Write every line below out again exactly, images omitted.

◆ Data excerpt:
━━━━━━
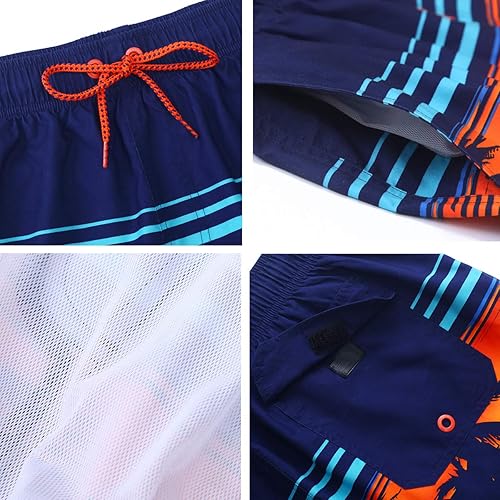 Miniatura 4 de Rokka&Rolla Traje de baño para hombre de secado rápido con forro de malla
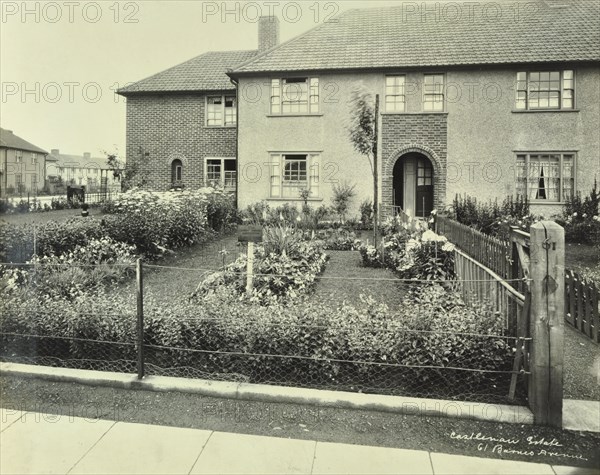 Front garden of 61 Barnes Avenue, on the Castelnau Estate, Barnes, London, 1930 Artist: Unknown.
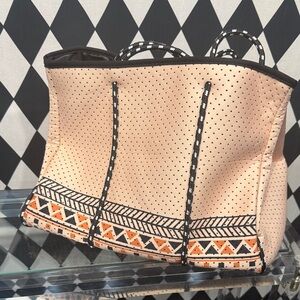 Stylish Tan and Black Neoprene Bag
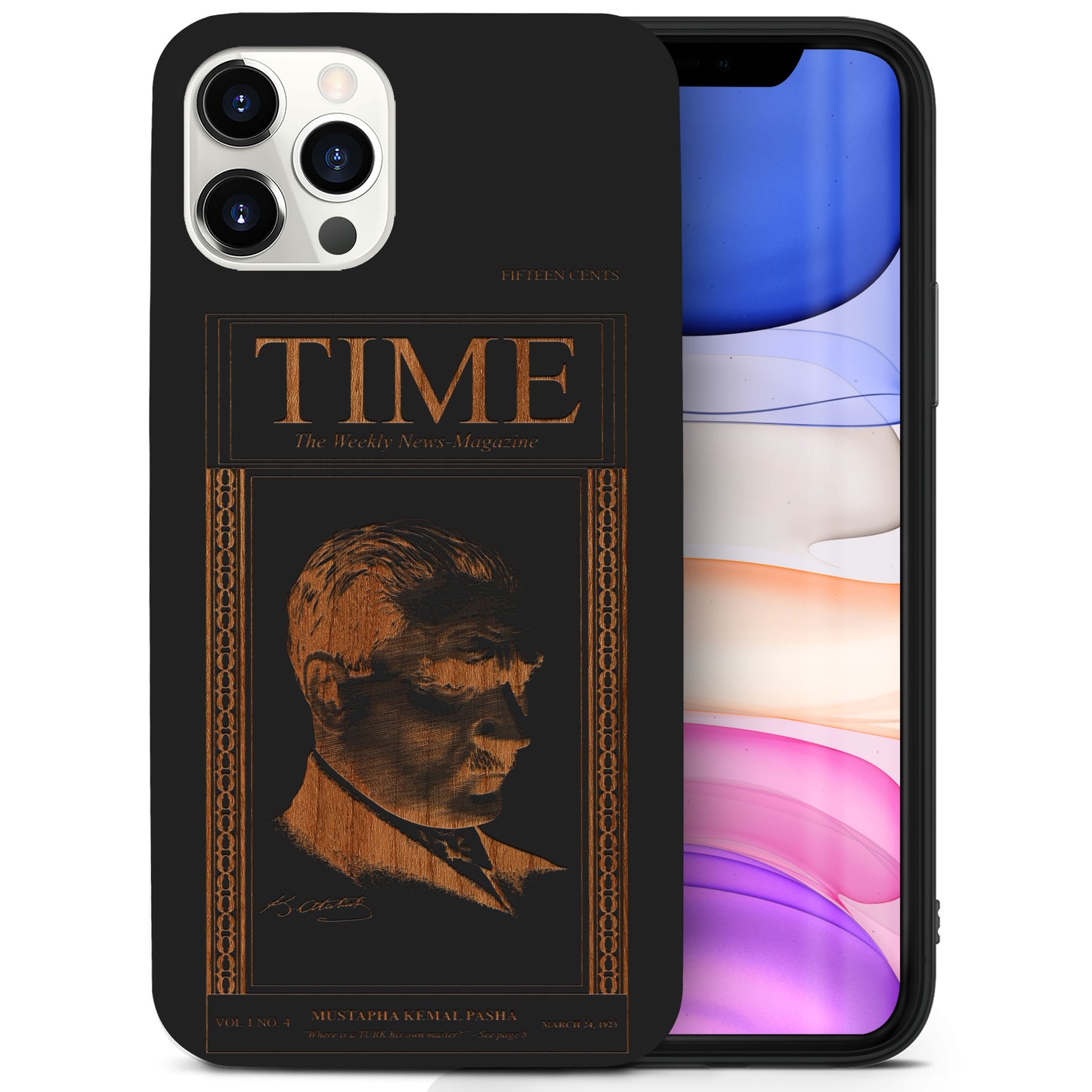 Wooden Cell Phone Case Cover, Laser Engraved case for iPhone & Samsung phone Time Magazine Design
━━━━━━
◆ Worked solution:
 Miniatura 4 de Rokka&Rolla Traje de baño para hombre de secado rápido con forro de malla
 Front garden of 61 Barnes Avenue, on the Castelnau Estate, Barnes, London, 1930 Artist: Unknown.
 Stylish Tan and Black Neoprene Bag
 Wooden Cell Phone Case Cover, Laser Engraved case for iPhone & Samsung phone Time Magazine Design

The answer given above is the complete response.